Data extracted from a collection:

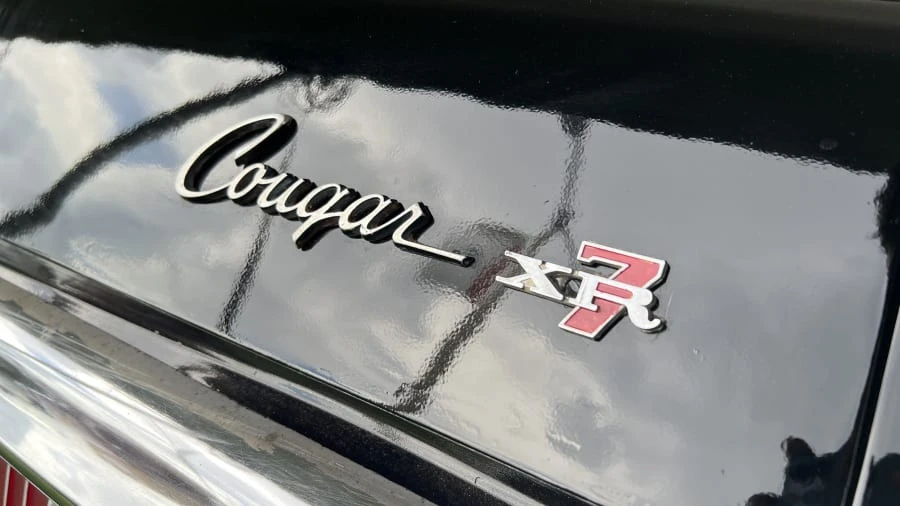 1973 Mercury Cougar 2nd Gen - Image 7 of 9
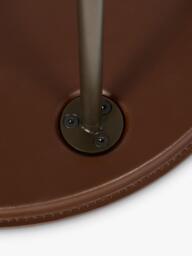 The Conran Shop Six Leg Coffee Table, 48cm, Marron Brown - thumbnail 6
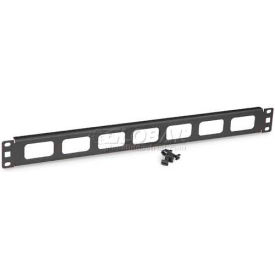 Kendall Howard™ 1U Cable Routing Blank 1902-1-001-01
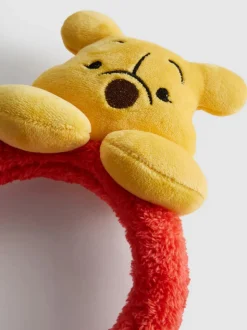 Diadema tipo spa de Winnie the Pooh de Disney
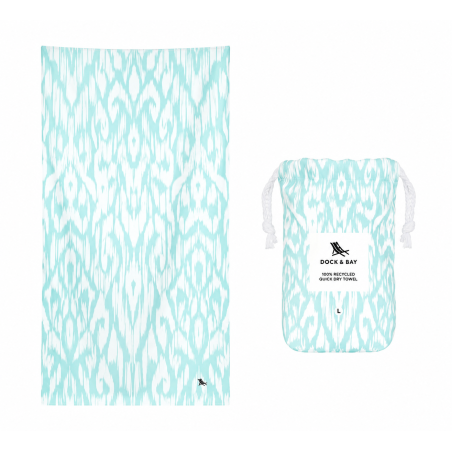 Toalla De Playa Summer 200x90 Cm De Btbox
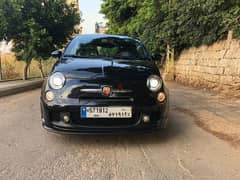 Fiat 595 2015 0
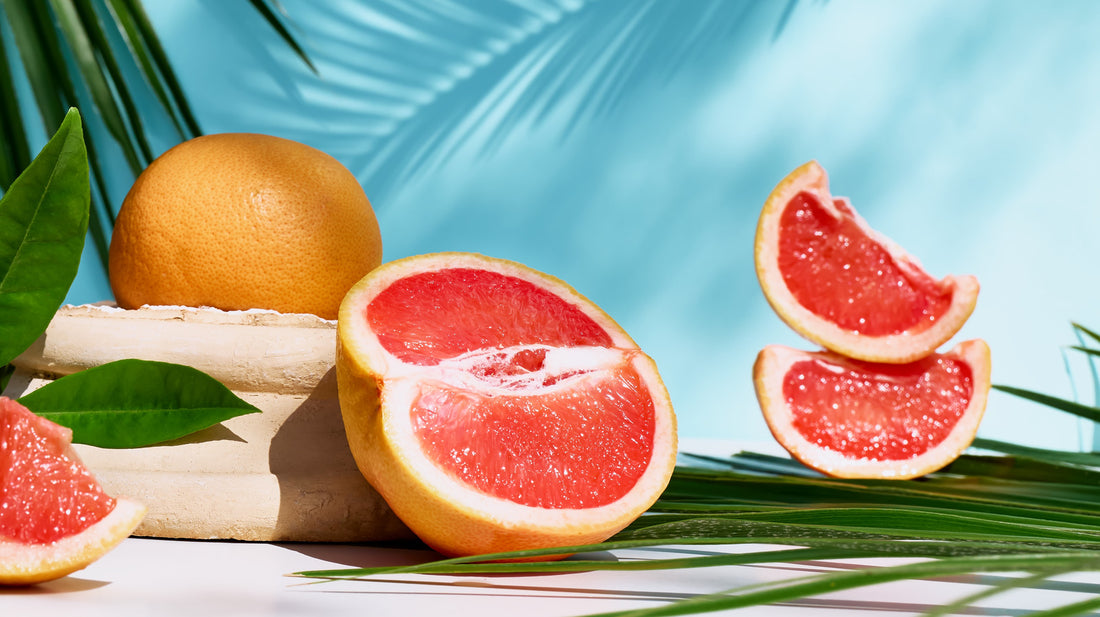 Grapefruit Citrus: The Tangy and Refreshing Fruit You Need to Try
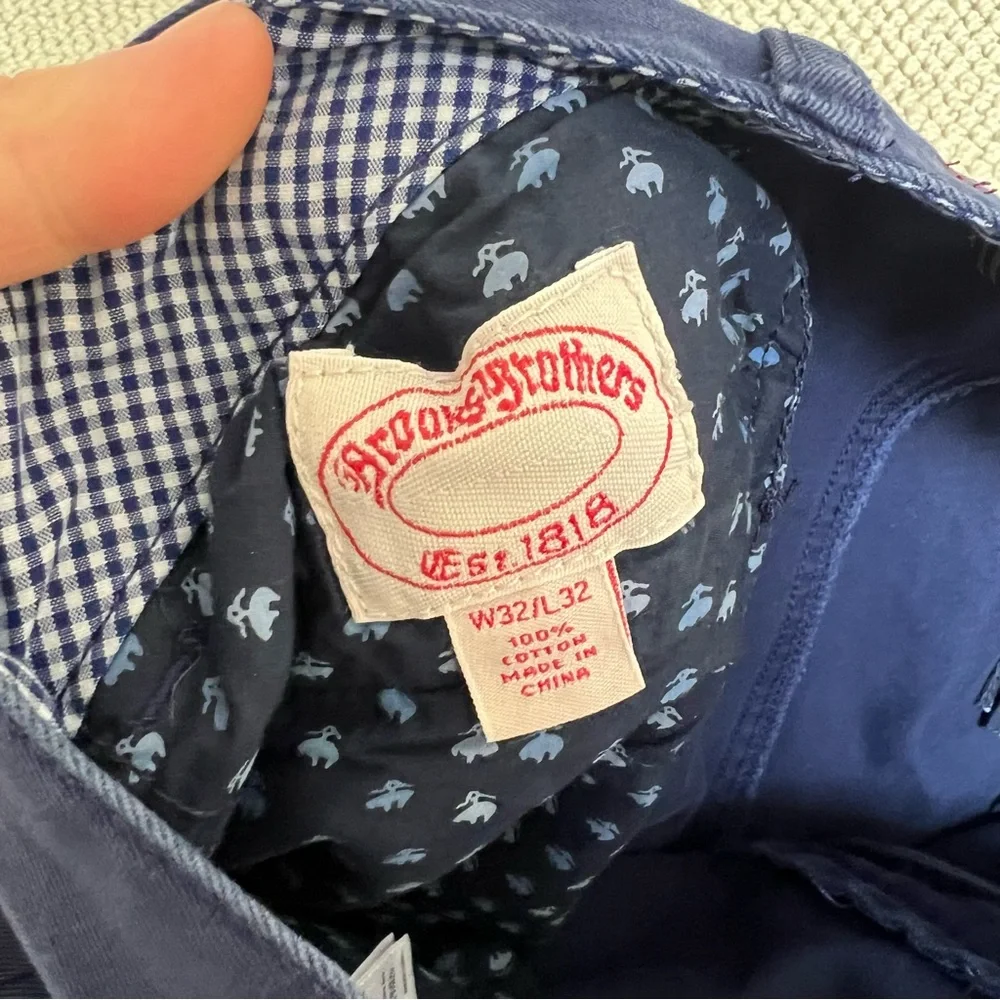 Brooks Brothers Chino Pants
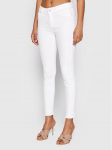 ONLY Teksad Blush 15155438 Valge Skinny Fit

— Task directions —
A word-for-word copy of the lines from the one containing "Diadema tipo spa" through the last line of the records is what is wanted, without pictures and without any other line.

— Response to this exercise —
 Diadema tipo spa de Winnie the Pooh de Disney
 Toalla De Playa Summer 200x90 Cm De Btbox
 Fiat 595 2015 0
 Grapefruit Citrus: The Tangy and Refreshing Fruit You Need to Try
 Brooks Brothers Chino Pants
 ONLY Teksad Blush 15155438 Valge Skinny Fit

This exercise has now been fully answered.